(The Center Square) – An Alabama-based shipyard that received a $3.3 billion contract to build up to 11 Coast Guard cutters has received a favorable ruling in federal litigation.
Chief Judge Elaine Kaplan ruled on Tuesday against Eastern Shipbuilding, which is building the first four Offshore Patrol Cutters. The Panama City, Florida-based shipbuilder sued after Austal USA won the follow-up contract for the cutters.
Eastern launched the first of the 360-foot cutters, the future USCGC Argus, on Oct. 27. The Coast Guard’s plan is to order 25 of them.
Kaplan listened to sealed oral arguments Aug. 3 in the U.S. Court of Federal Claims.
The chances of Eastern Shipbuilding overturning the decision weren’t the best. According to one analysis of U.S. Court of Federal Claims, only 9.7% of protests are sustained by the court. Eastern originally contested the contract award with the General Accounting Office, but removed that challenge to contest it in court.
Eastern is a newcomer to military shipbuilding, but says the four-cutter building program will create 10,304 jobs from 2016 to 2024.
Mobile-based Austal is the U.S. subsidiary of Australia’s Austal Limited and builds U.S. Navy Independence class littoral combat ships and Spearhead class fast expeditionary transport vessels, both primarily of aluminum construction.
Austal is building a new yard next to its aluminum one to build steel ships, such as four of the new Navajo class salvage ships for the U.S. Navy.
The yard is also contracted to produce modules for both the Virginia class nuclear-powered attack submarines and, more recently, the upcoming Columbia class nuclear-powered ballistic missile submarines.
Costs for the program, which is supposed to build 25 cutters to replace 28 aging ships, have increased 40% since 2012 according to a recent report from the General Accounting Office.
With the newest of the Coast Guard’s medium endurance cutters commissioned in 1991 and the oldest in 1964, it is the Coast Guard’s highest procurement priority.
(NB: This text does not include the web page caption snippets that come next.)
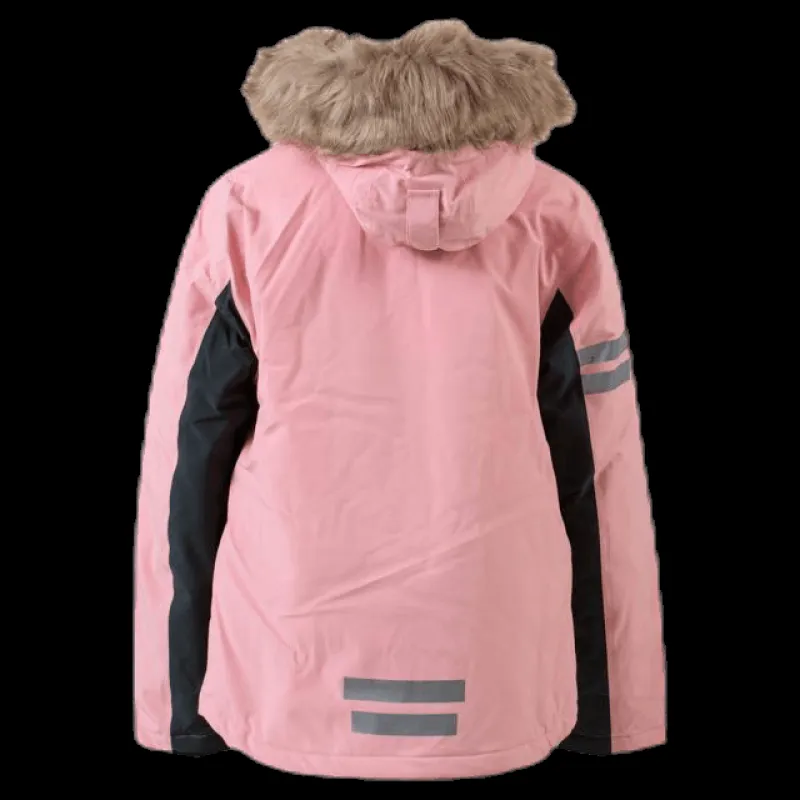 Lindberg Colden Jacket 15 000 mm Pink Rosa Hot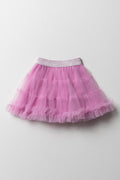 Tutu Skirt Pink (3)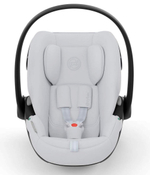 Коляска Carrello Vector CRL-6550 и автокресло Cybex Cloud G i-Size Fog Grey 3 в 1 Prime Blue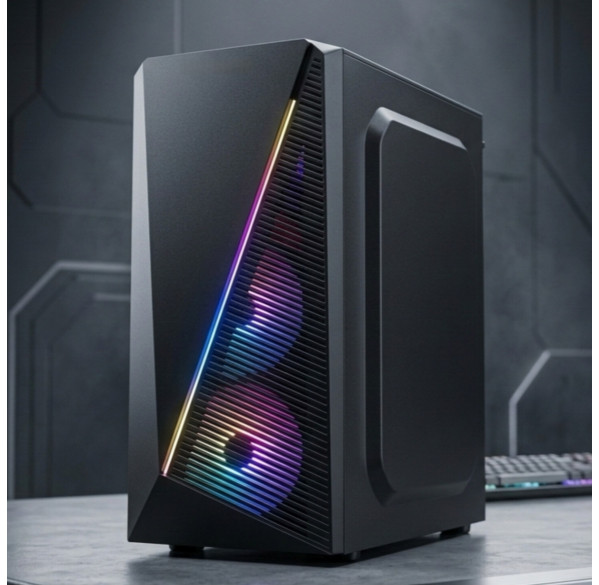 Готовая сборка средняя i5- 9400 / 16 GB DDR4 / видеокарта на выбор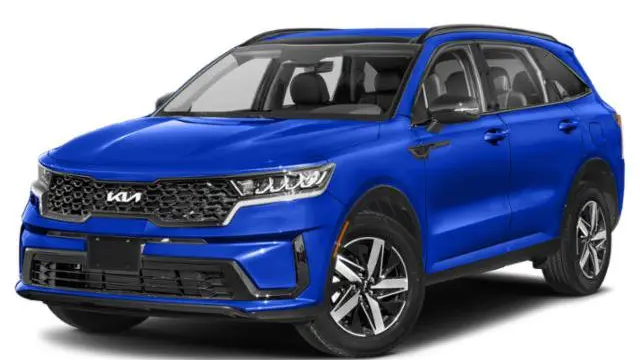 Preowned 2022 Kia Sorento S for Sale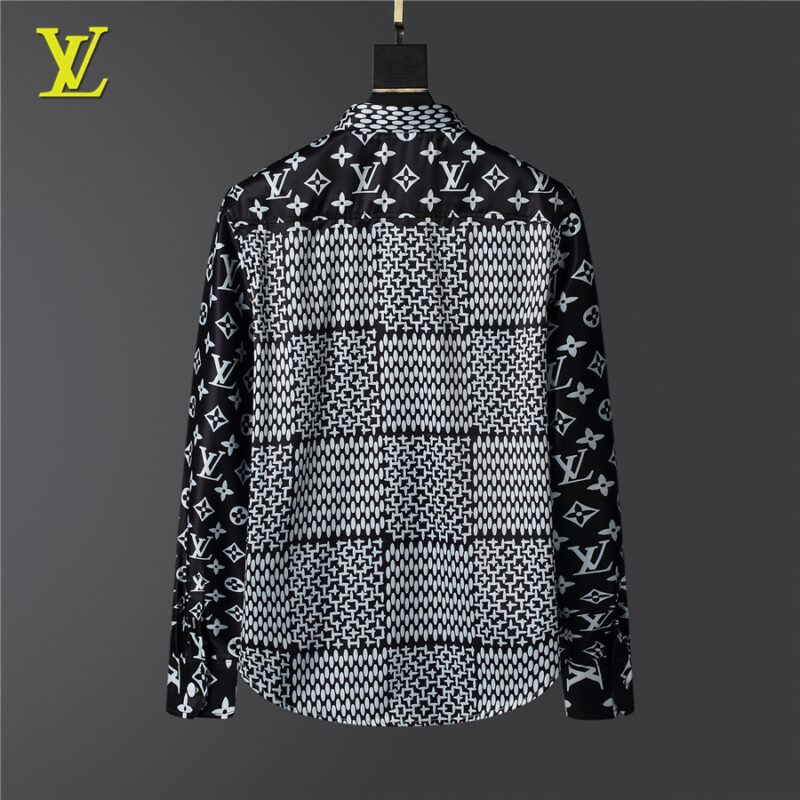 Limited Editions Perfect Long Sleeve Shirt CCY Max00578 - Image 2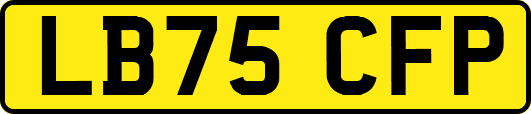 LB75CFP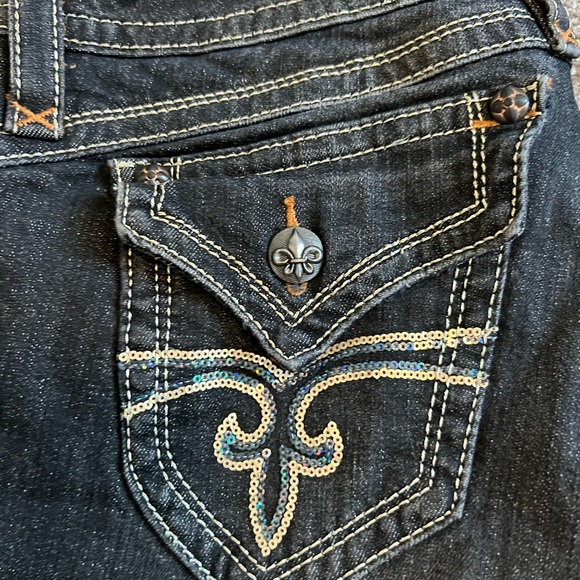 Rock Revival Gwen Easy Boot Jeans - Picture 5 of 5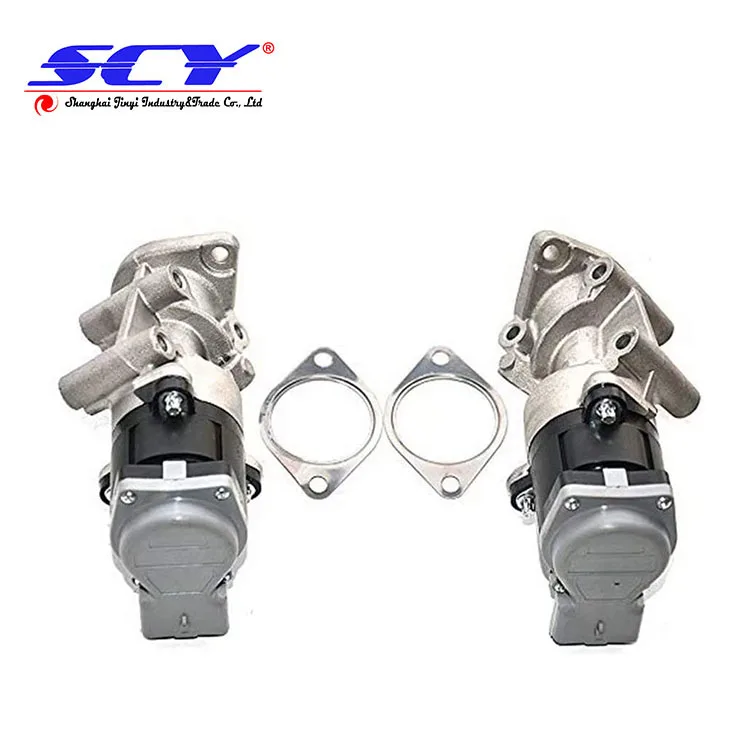 engine parts  Suitable for Peugeot EGR Valve 407 (6D) 2.7 HDi 1618N7 JDE 3315 WAV 500210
Due to personnel shortages, the service announced on Oct. 31 that its enlisted workforce is 10% short and will decommission permanently three older medium endurance cutters, temporarily sideline seven 87-foot patrol boats for future reactivation and use 65-foot harbor tugs, which have icebreaking capability, during ice season.
In August, Eastern received a contract to build a medium hopper-type barge for the U.S. Army Corps of Engineers.